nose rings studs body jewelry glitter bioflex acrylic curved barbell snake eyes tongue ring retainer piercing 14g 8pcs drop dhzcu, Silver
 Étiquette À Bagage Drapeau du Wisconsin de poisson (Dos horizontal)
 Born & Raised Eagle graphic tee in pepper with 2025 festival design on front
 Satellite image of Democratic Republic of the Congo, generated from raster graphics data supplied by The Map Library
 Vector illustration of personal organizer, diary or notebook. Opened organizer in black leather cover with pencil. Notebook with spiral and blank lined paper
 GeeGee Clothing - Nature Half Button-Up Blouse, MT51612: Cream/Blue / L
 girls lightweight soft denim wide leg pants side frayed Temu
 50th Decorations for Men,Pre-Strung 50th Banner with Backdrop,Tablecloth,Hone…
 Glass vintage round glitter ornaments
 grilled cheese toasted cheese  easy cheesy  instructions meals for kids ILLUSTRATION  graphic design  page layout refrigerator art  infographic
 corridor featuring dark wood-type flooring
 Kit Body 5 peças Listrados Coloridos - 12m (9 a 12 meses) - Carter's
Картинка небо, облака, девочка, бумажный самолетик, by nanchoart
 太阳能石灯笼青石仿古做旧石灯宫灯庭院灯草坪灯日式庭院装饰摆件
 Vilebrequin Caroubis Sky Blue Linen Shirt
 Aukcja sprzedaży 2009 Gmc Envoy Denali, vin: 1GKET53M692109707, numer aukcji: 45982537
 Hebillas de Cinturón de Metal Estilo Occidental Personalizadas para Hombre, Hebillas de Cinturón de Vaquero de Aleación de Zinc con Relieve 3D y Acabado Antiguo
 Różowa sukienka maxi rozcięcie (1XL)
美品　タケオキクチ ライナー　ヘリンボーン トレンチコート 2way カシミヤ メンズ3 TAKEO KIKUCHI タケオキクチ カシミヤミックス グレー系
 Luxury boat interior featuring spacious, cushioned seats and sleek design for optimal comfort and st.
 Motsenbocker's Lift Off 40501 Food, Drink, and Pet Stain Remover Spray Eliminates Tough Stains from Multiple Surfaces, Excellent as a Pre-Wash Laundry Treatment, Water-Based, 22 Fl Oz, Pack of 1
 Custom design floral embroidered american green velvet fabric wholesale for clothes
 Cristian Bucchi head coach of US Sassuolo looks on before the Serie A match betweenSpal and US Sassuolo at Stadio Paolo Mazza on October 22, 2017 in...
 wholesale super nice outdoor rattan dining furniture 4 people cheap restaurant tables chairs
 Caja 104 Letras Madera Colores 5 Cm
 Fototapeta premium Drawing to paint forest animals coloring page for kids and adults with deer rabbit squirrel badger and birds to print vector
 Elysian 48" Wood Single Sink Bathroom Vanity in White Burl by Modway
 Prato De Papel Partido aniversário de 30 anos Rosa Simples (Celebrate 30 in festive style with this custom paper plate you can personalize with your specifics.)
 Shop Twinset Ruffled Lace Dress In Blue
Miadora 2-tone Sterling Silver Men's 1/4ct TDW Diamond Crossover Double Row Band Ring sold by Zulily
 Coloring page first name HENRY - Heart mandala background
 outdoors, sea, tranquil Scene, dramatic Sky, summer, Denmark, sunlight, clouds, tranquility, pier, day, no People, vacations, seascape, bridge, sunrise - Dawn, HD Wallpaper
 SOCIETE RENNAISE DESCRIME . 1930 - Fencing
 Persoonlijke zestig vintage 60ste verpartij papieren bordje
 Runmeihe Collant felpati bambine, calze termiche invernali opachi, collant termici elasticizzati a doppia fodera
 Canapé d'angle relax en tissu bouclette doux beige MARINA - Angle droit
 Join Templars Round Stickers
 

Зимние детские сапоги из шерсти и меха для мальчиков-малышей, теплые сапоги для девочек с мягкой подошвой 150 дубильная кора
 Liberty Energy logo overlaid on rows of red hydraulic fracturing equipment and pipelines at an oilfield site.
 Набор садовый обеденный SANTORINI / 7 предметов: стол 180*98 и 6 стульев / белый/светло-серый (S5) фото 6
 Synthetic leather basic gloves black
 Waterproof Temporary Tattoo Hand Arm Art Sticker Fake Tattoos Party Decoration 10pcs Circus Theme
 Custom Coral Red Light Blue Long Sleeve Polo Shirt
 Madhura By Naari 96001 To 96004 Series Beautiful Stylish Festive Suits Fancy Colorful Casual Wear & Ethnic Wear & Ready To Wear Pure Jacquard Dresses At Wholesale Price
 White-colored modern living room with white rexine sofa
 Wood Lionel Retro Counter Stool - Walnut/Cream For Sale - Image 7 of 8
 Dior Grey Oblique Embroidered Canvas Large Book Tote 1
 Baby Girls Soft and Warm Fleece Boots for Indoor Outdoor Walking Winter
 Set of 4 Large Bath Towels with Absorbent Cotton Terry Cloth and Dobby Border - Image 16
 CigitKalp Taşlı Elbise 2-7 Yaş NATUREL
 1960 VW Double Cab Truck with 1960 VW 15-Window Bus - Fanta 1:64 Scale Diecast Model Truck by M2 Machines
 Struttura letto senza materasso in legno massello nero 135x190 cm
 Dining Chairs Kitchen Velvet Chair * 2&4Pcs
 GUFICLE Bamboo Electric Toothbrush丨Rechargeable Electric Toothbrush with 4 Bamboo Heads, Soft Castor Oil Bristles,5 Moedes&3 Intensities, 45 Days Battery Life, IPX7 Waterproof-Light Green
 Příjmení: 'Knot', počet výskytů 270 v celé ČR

Work instructions: Each entry should be written out again exactly, with no word left out.

Solution to the exercise:
nose rings studs body jewelry glitter bioflex acrylic curved barbell snake eyes tongue ring retainer piercing 14g 8pcs drop dhzcu, Silver
 Étiquette À Bagage Drapeau du Wisconsin de poisson (Dos horizontal)
 Born & Raised Eagle graphic tee in pepper with 2025 festival design on front
 Satellite image of Democratic Republic of the Congo, generated from raster graphics data supplied by The Map Library
 Vector illustration of personal organizer, diary or notebook. Opened organizer in black leather cover with pencil. Notebook with spiral and blank lined paper
 GeeGee Clothing - Nature Half Button-Up Blouse, MT51612: Cream/Blue / L
 girls lightweight soft denim wide leg pants side frayed Temu
 50th Decorations for Men,Pre-Strung 50th Banner with Backdrop,Tablecloth,Hone…
 Glass vintage round glitter ornaments
 grilled cheese toasted cheese  easy cheesy  instructions meals for kids ILLUSTRATION  graphic design  page layout refrigerator art  infographic
 corridor featuring dark wood-type flooring
 Kit Body 5 peças Listrados Coloridos - 12m (9 a 12 meses) - Carter's
Картинка небо, облака, девочка, бумажный самолетик, by nanchoart
 太阳能石灯笼青石仿古做旧石灯宫灯庭院灯草坪灯日式庭院装饰摆件
 Vilebrequin Caroubis Sky Blue Linen Shirt
 Aukcja sprzedaży 2009 Gmc Envoy Denali, vin: 1GKET53M692109707, numer aukcji: 45982537
 Hebillas de Cinturón de Metal Estilo Occidental Personalizadas para Hombre, Hebillas de Cinturón de Vaquero de Aleación de Zinc con Relieve 3D y Acabado Antiguo
 Różowa sukienka maxi rozcięcie (1XL)
美品　タケオキクチ ライナー　ヘリンボーン トレンチコート 2way カシミヤ メンズ3 TAKEO KIKUCHI タケオキクチ カシミヤミックス グレー系
 Luxury boat interior featuring spacious, cushioned seats and sleek design for optimal comfort and st.
 Motsenbocker's Lift Off 40501 Food, Drink, and Pet Stain Remover Spray Eliminates Tough Stains from Multiple Surfaces, Excellent as a Pre-Wash Laundry Treatment, Water-Based, 22 Fl Oz, Pack of 1
 Custom design floral embroidered american green velvet fabric wholesale for clothes
 Cristian Bucchi head coach of US Sassuolo looks on before the Serie A match betweenSpal and US Sassuolo at Stadio Paolo Mazza on October 22, 2017 in...
 wholesale super nice outdoor rattan dining furniture 4 people cheap restaurant tables chairs
 Caja 104 Letras Madera Colores 5 Cm
 Fototapeta premium Drawing to paint forest animals coloring page for kids and adults with deer rabbit squirrel badger and birds to print vector
 Elysian 48" Wood Single Sink Bathroom Vanity in White Burl by Modway
 Prato De Papel Partido aniversário de 30 anos Rosa Simples (Celebrate 30 in festive style with this custom paper plate you can personalize with your specifics.)
 Shop Twinset Ruffled Lace Dress In Blue
Miadora 2-tone Sterling Silver Men's 1/4ct TDW Diamond Crossover Double Row Band Ring sold by Zulily
 Coloring page first name HENRY - Heart mandala background
 outdoors, sea, tranquil Scene, dramatic Sky, summer, Denmark, sunlight, clouds, tranquility, pier, day, no People, vacations, seascape, bridge, sunrise - Dawn, HD Wallpaper
 SOCIETE RENNAISE DESCRIME . 1930 - Fencing
 Persoonlijke zestig vintage 60ste verpartij papieren bordje
 Runmeihe Collant felpati bambine, calze termiche invernali opachi, collant termici elasticizzati a doppia fodera
 Canapé d'angle relax en tissu bouclette doux beige MARINA - Angle droit
 Join Templars Round Stickers
 

Зимние детские сапоги из шерсти и меха для мальчиков-малышей, теплые сапоги для девочек с мягкой подошвой 150 дубильная кора
 Liberty Energy logo overlaid on rows of red hydraulic fracturing equipment and pipelines at an oilfield site.
 Набор садовый обеденный SANTORINI / 7 предметов: стол 180*98 и 6 стульев / белый/светло-серый (S5) фото 6
 Synthetic leather basic gloves black
 Waterproof Temporary Tattoo Hand Arm Art Sticker Fake Tattoos Party Decoration 10pcs Circus Theme
 Custom Coral Red Light Blue Long Sleeve Polo Shirt
 Madhura By Naari 96001 To 96004 Series Beautiful Stylish Festive Suits Fancy Colorful Casual Wear & Ethnic Wear & Ready To Wear Pure Jacquard Dresses At Wholesale Price
 White-colored modern living room with white rexine sofa
 Wood Lionel Retro Counter Stool - Walnut/Cream For Sale - Image 7 of 8
 Dior Grey Oblique Embroidered Canvas Large Book Tote 1
 Baby Girls Soft and Warm Fleece Boots for Indoor Outdoor Walking Winter
 Set of 4 Large Bath Towels with Absorbent Cotton Terry Cloth and Dobby Border - Image 16
 CigitKalp Taşlı Elbise 2-7 Yaş NATUREL
 1960 VW Double Cab Truck with 1960 VW 15-Window Bus - Fanta 1:64 Scale Diecast Model Truck by M2 Machines
 Struttura letto senza materasso in legno massello nero 135x190 cm
 Dining Chairs Kitchen Velvet Chair * 2&4Pcs
 GUFICLE Bamboo Electric Toothbrush丨Rechargeable Electric Toothbrush with 4 Bamboo Heads, Soft Castor Oil Bristles,5 Moedes&3 Intensities, 45 Days Battery Life, IPX7 Waterproof-Light Green
 Příjmení: 'Knot', počet výskytů 270 v celé ČR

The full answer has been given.